**Problem:** Copy exactly, no pictures: every line from the one that contains "French Directoire Louis" through the end of the entries below.

**Records supplied:**
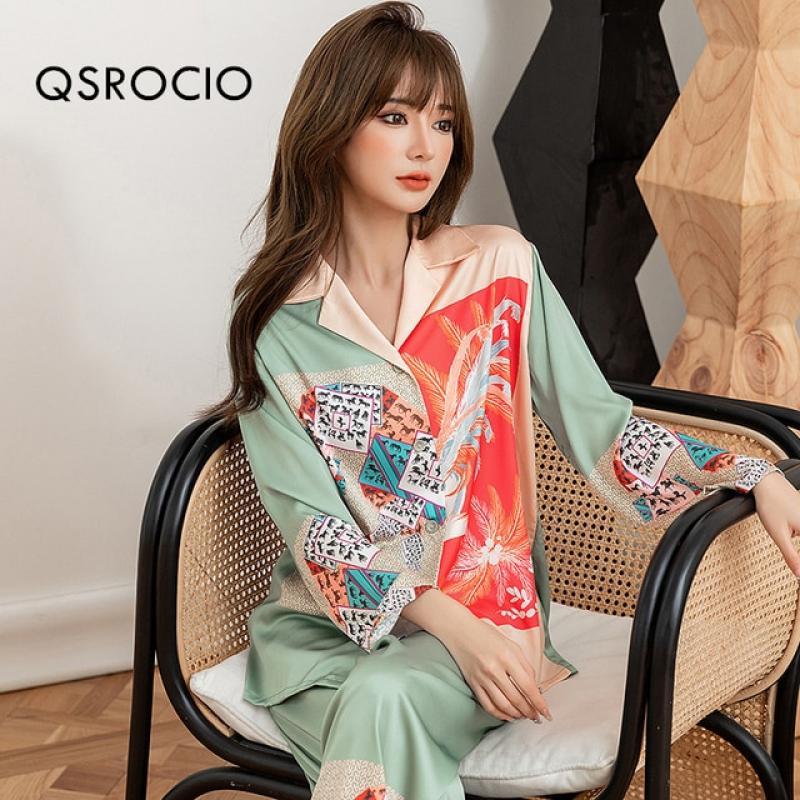 QSROCIO High Quality Women's Pajamas Set Plant Print Silk Like Homewear Sleepwear Elegant Nightwear Femme Leisure Home Clothes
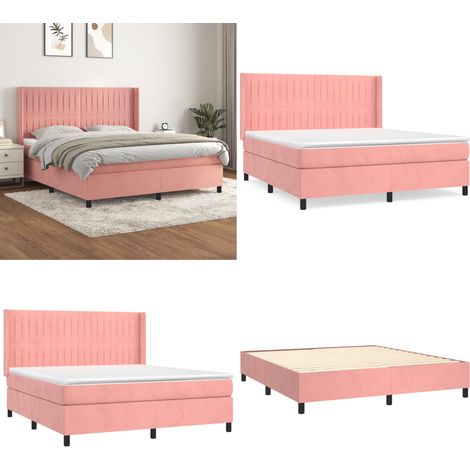Sommier à lattes de lit avec matelas Rose 160x200 cm Velours - Lit Tapissier - Lit Velours - Lit Double - Literie - Chambre À Coucher - Home & Living (1/5)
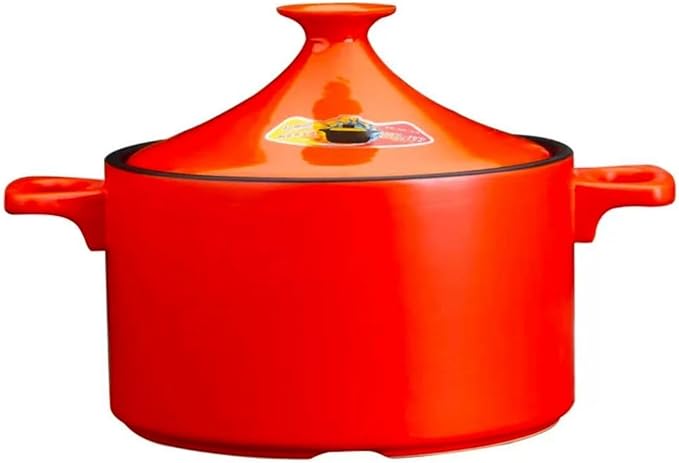 4l Tagine Ceramic Pot Moroccan Tagine Cooking Pot Handmade Ceramic Casserole Healthy Clay Pot for Braising Slow Cooking the Best Choice for Birthday Gifts (red)
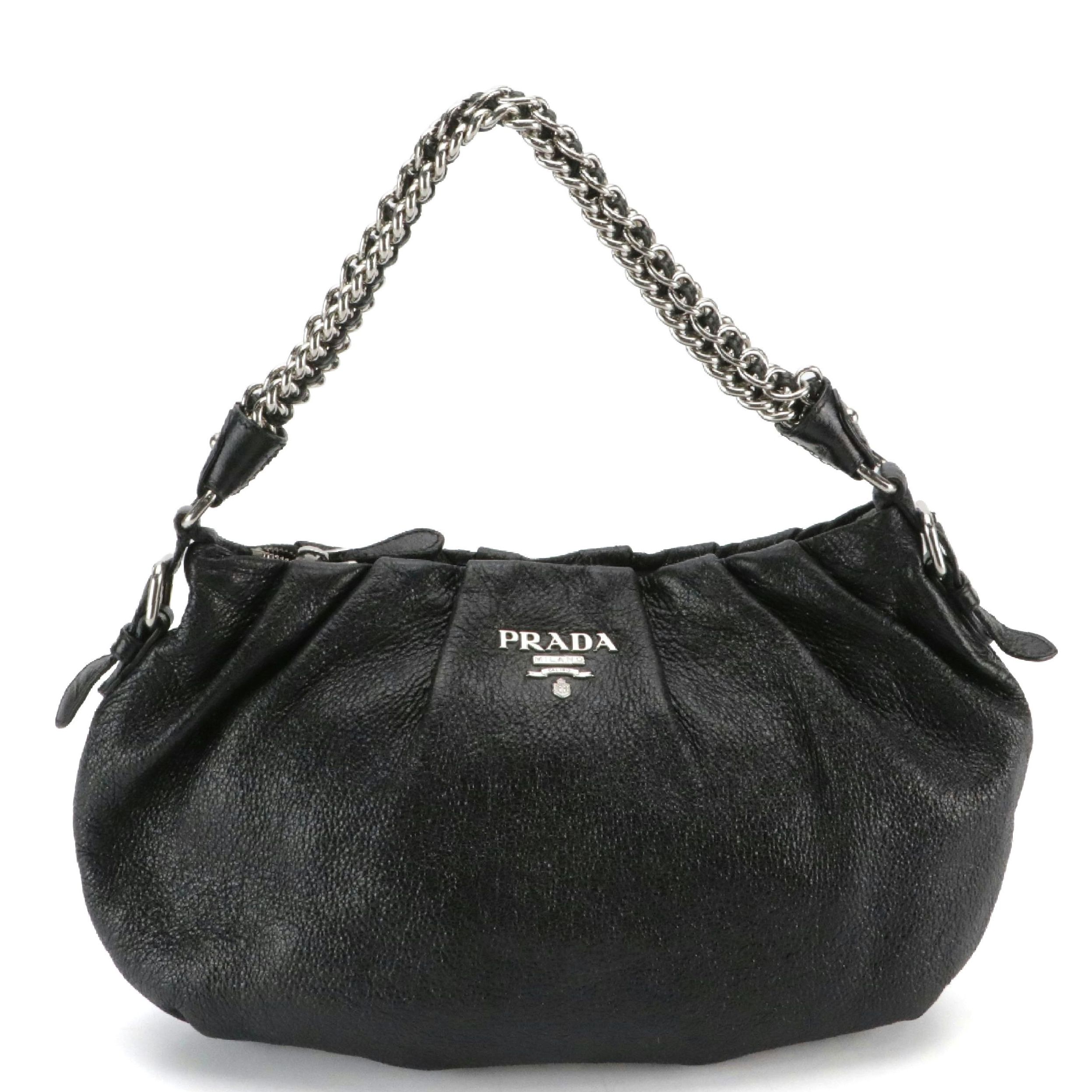 Prada Black Cervo Lux Grain Leather Chain Strap Bag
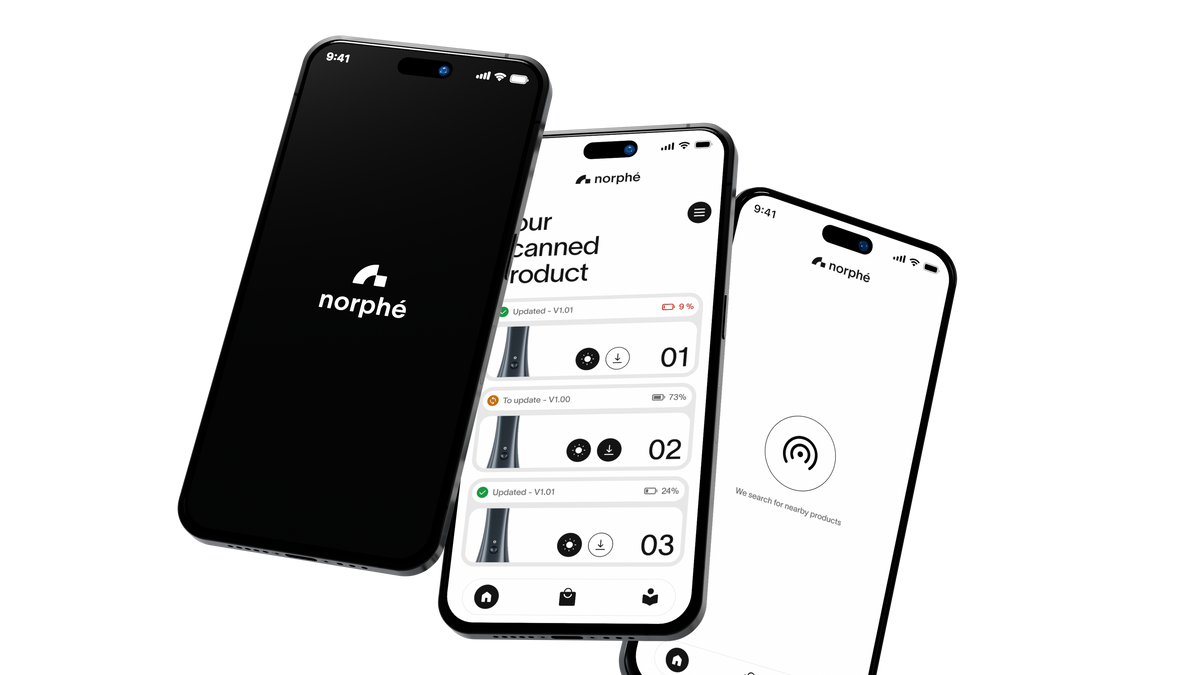 Three iPhones showing the Norphé app: start screen, device list and nearby search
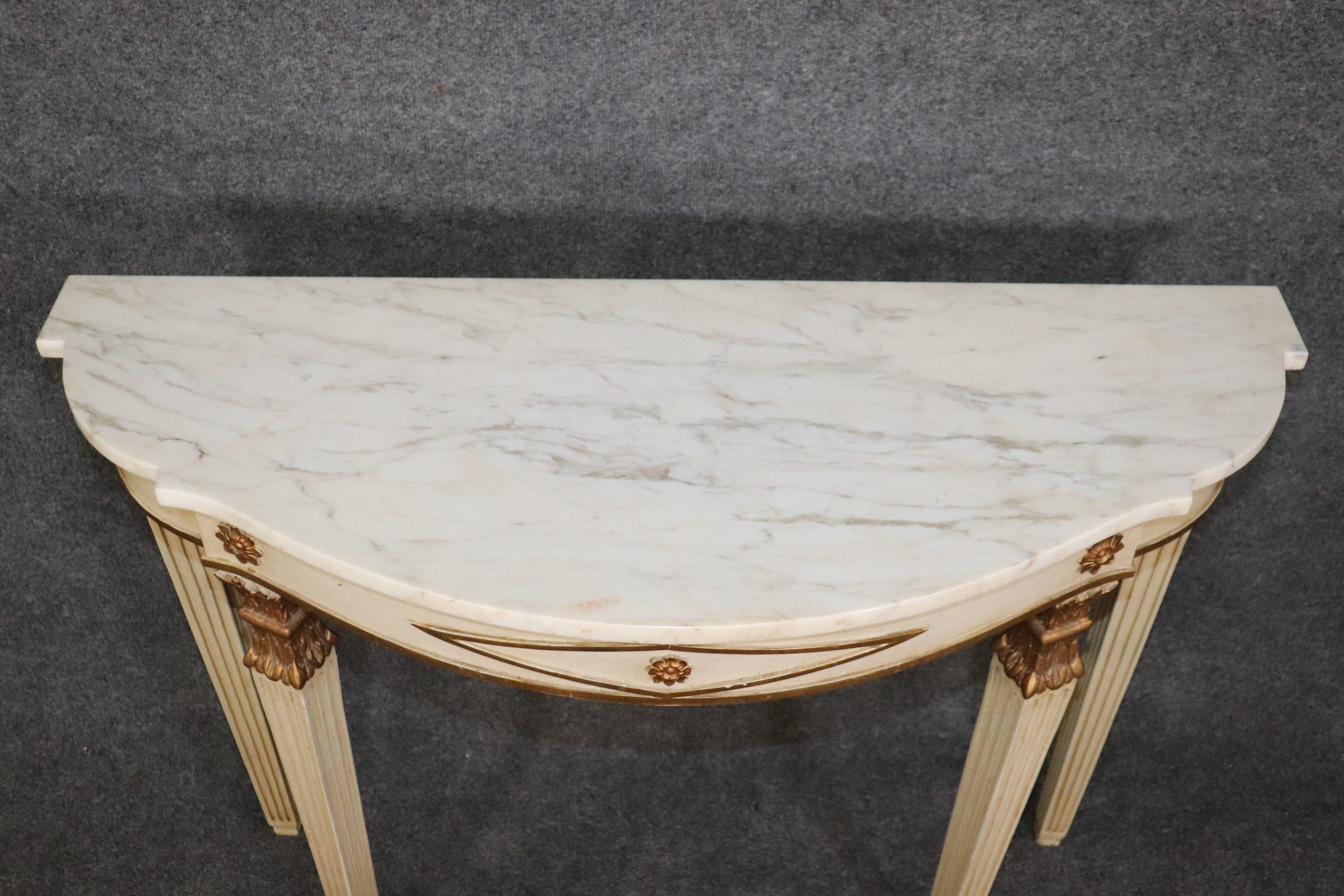 French Directoire Louis XVI Style White Paint Decorated Marble Top Demilune Console Table, Vintage - Image 6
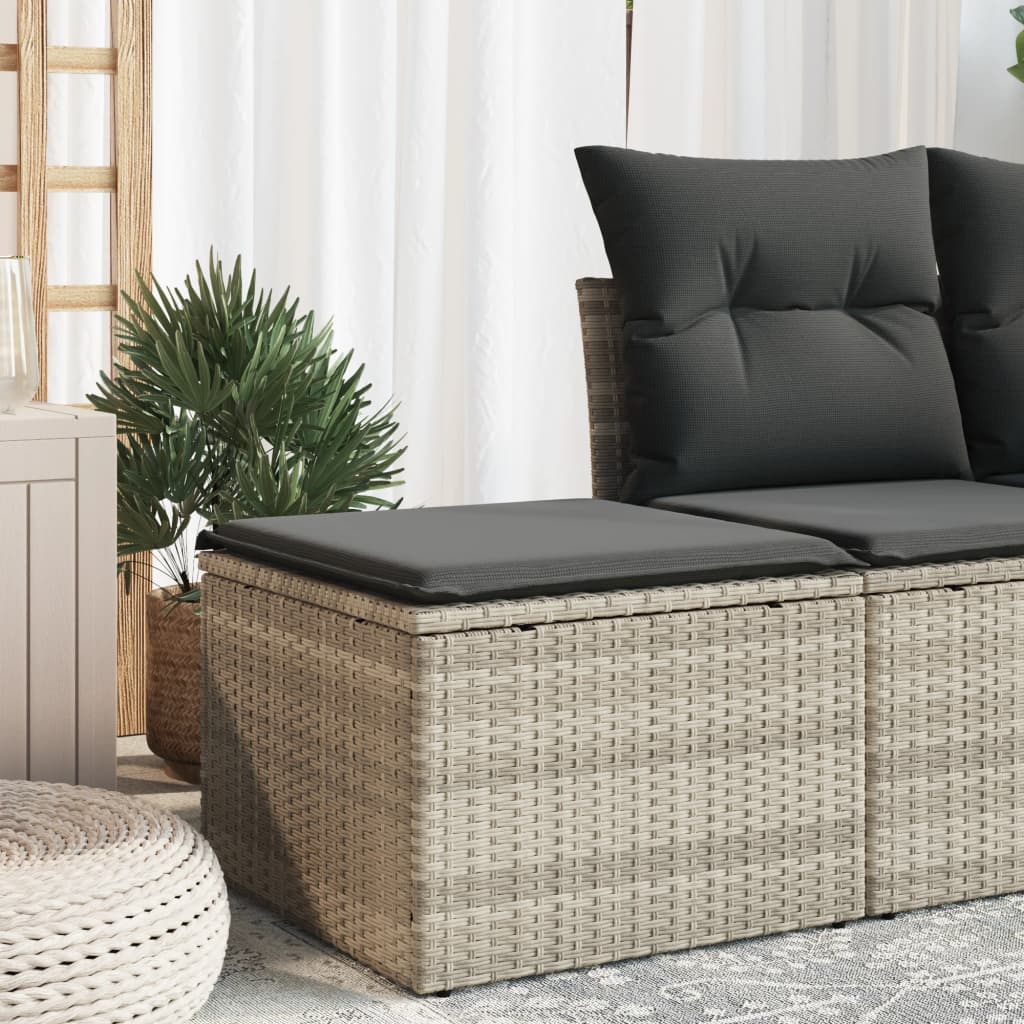 vidaXL Tuinkruk met kussen zwart 55x55x37 cm poly rattan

**Written answer:**
 French Directoire Louis XVI Style White Paint Decorated Marble Top Demilune Console Table, Vintage - Image 6
 vidaXL Tuinkruk met kussen zwart 55x55x37 cm poly rattan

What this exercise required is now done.